__Requirement__
For this task, output exactly the lines of the material below starting at the line with "Marmara White Polished" and ending at the line with "Squishmallows SQCR09459 - Tinley"; pictures are to be excluded.

__Given records__
::::
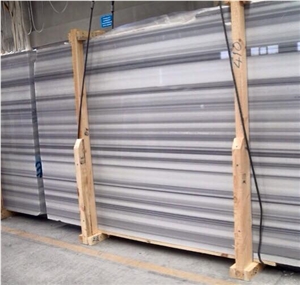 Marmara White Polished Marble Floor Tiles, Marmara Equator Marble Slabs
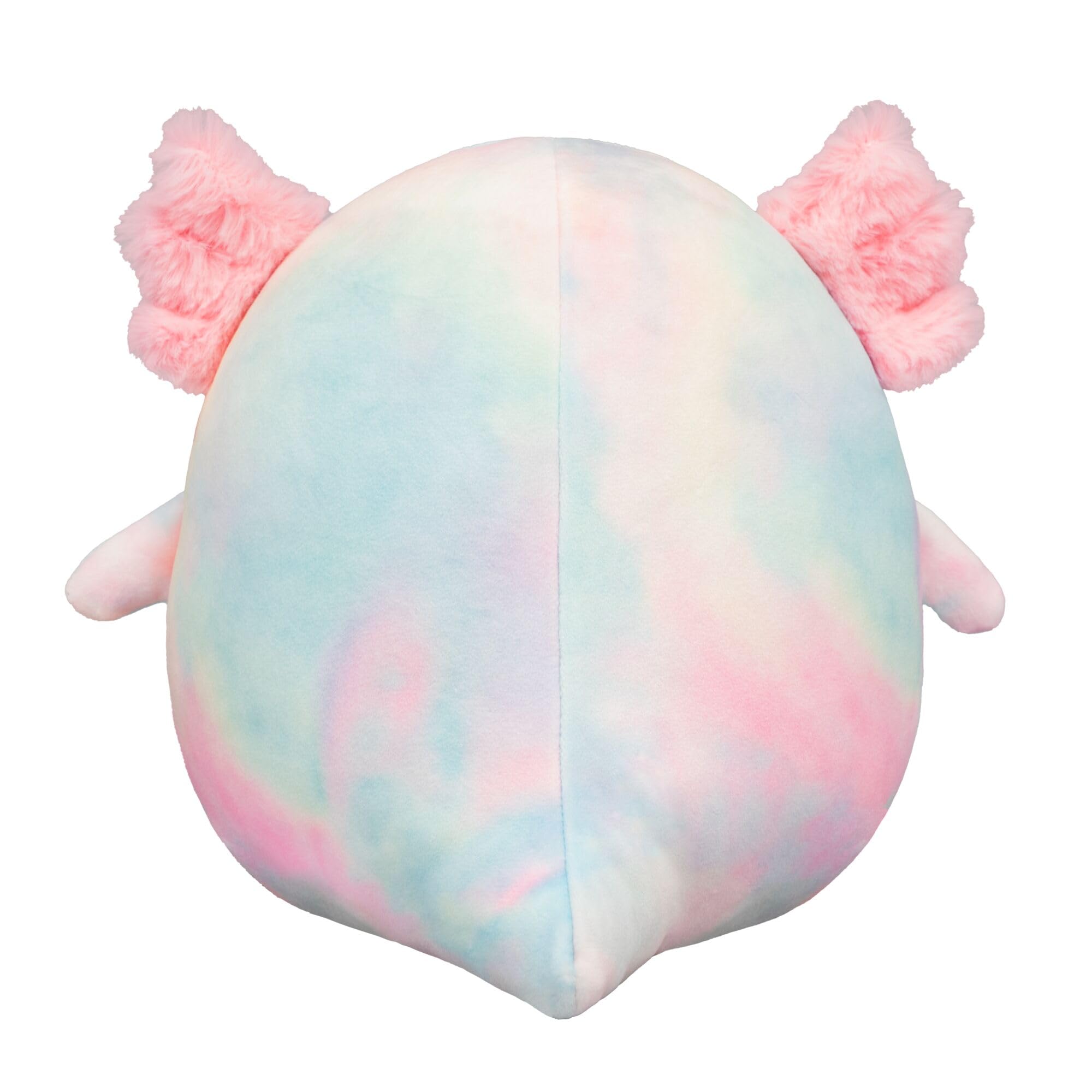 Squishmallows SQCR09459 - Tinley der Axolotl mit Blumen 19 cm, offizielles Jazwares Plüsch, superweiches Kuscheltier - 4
::::
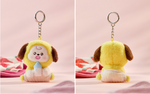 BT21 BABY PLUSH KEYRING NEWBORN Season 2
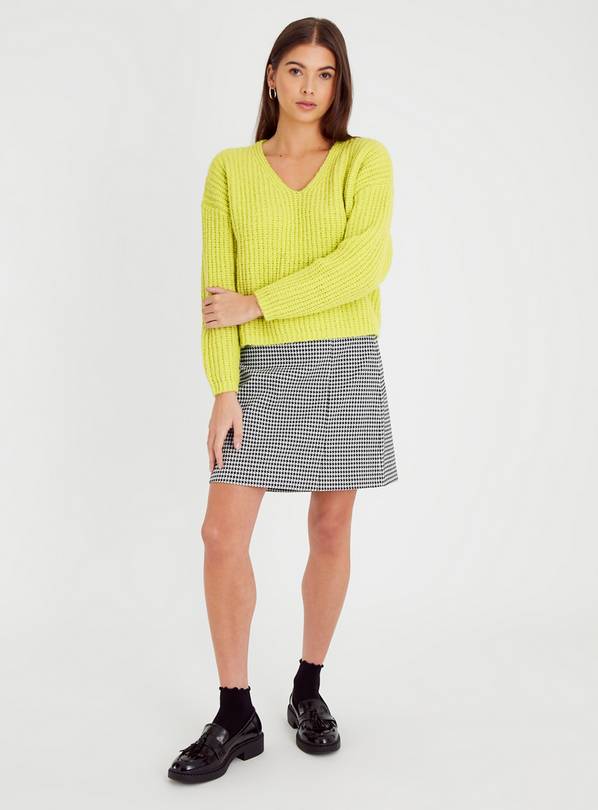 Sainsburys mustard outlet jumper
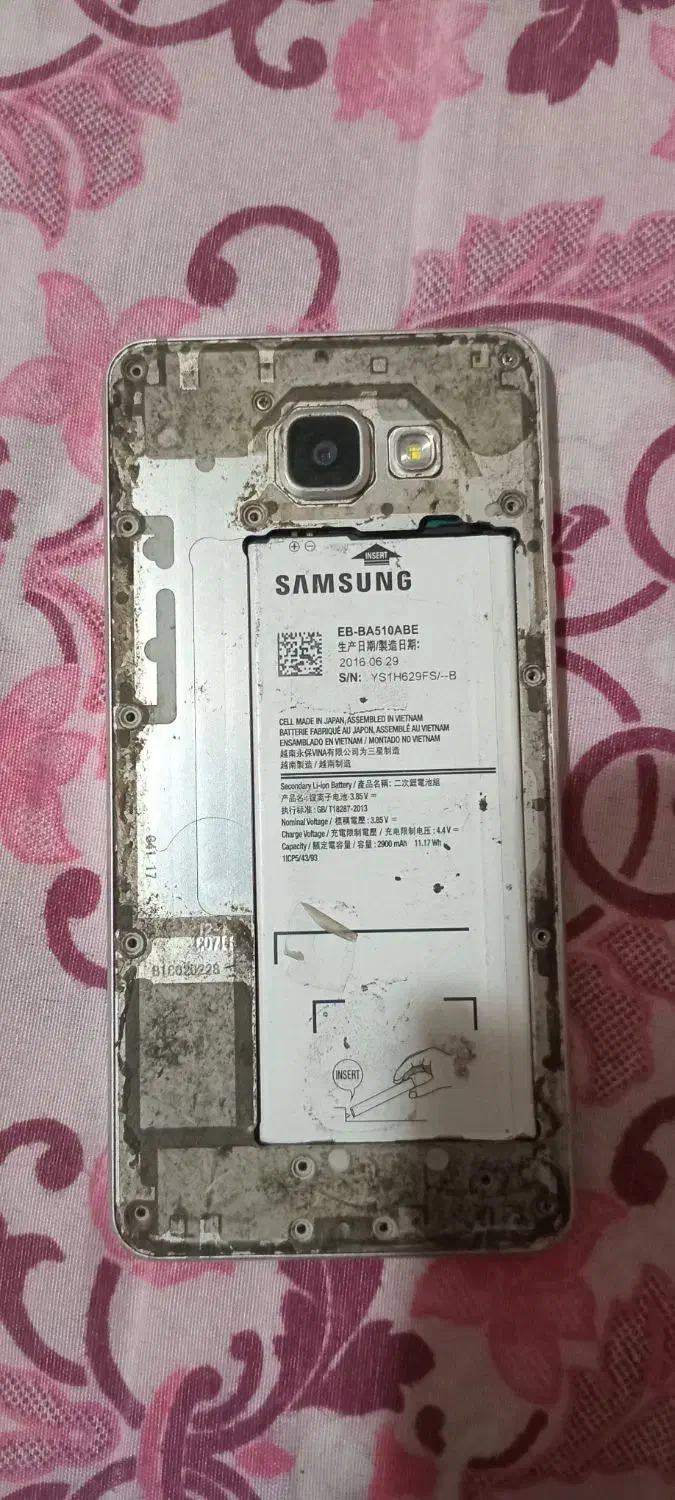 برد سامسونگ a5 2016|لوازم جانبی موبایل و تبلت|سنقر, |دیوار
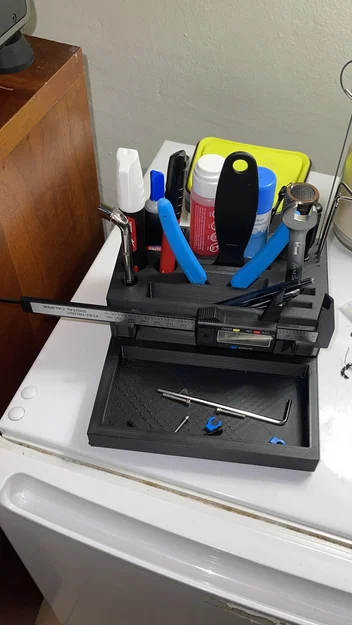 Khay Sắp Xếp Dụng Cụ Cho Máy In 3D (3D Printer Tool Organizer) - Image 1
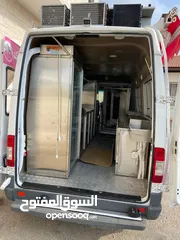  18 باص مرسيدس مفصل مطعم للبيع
::::
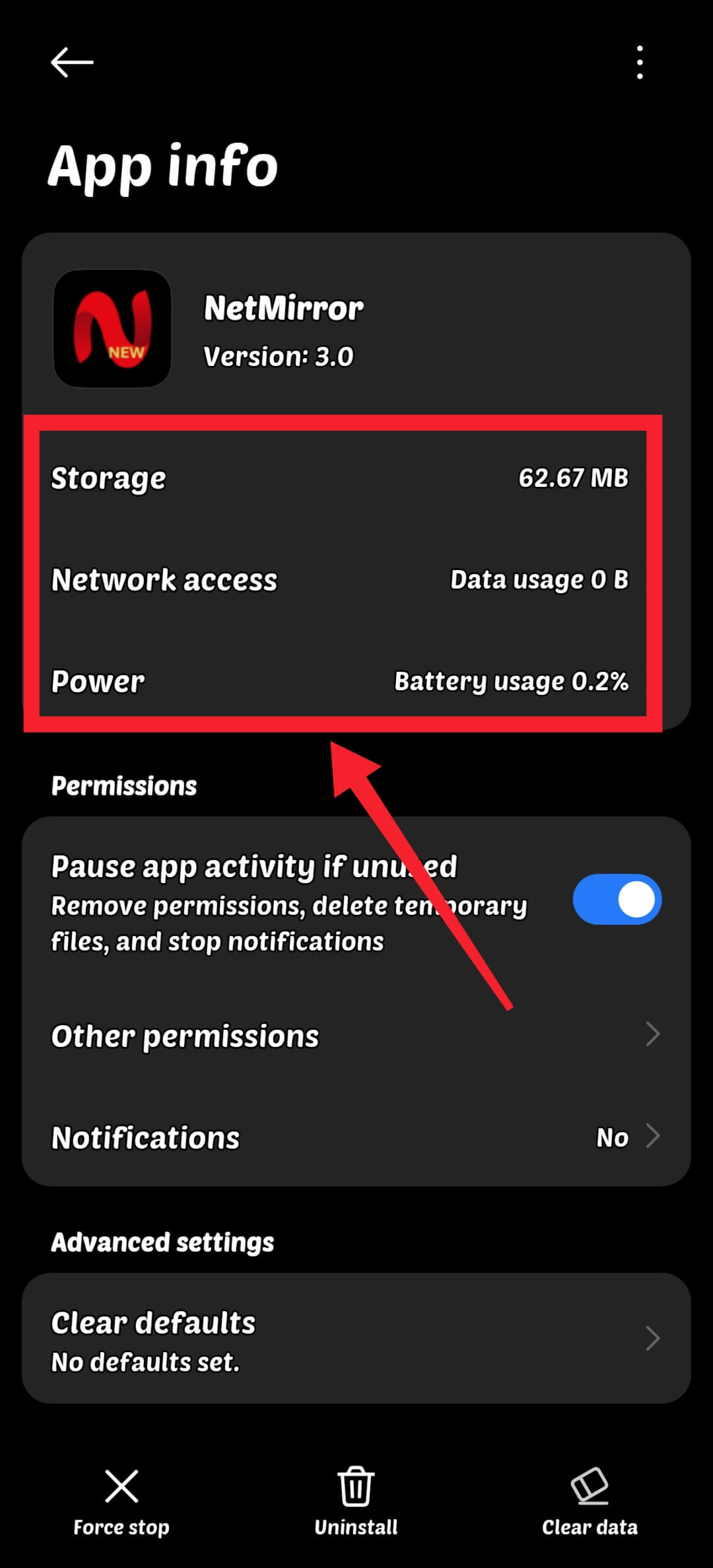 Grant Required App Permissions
::::
__Problem solution__
 Marmara White Polished Marble Floor Tiles, Marmara Equator Marble Slabs
 Squishmallows SQCR09459 - Tinley der Axolotl mit Blumen 19 cm, offizielles Jazwares Plüsch, superweiches Kuscheltier - 4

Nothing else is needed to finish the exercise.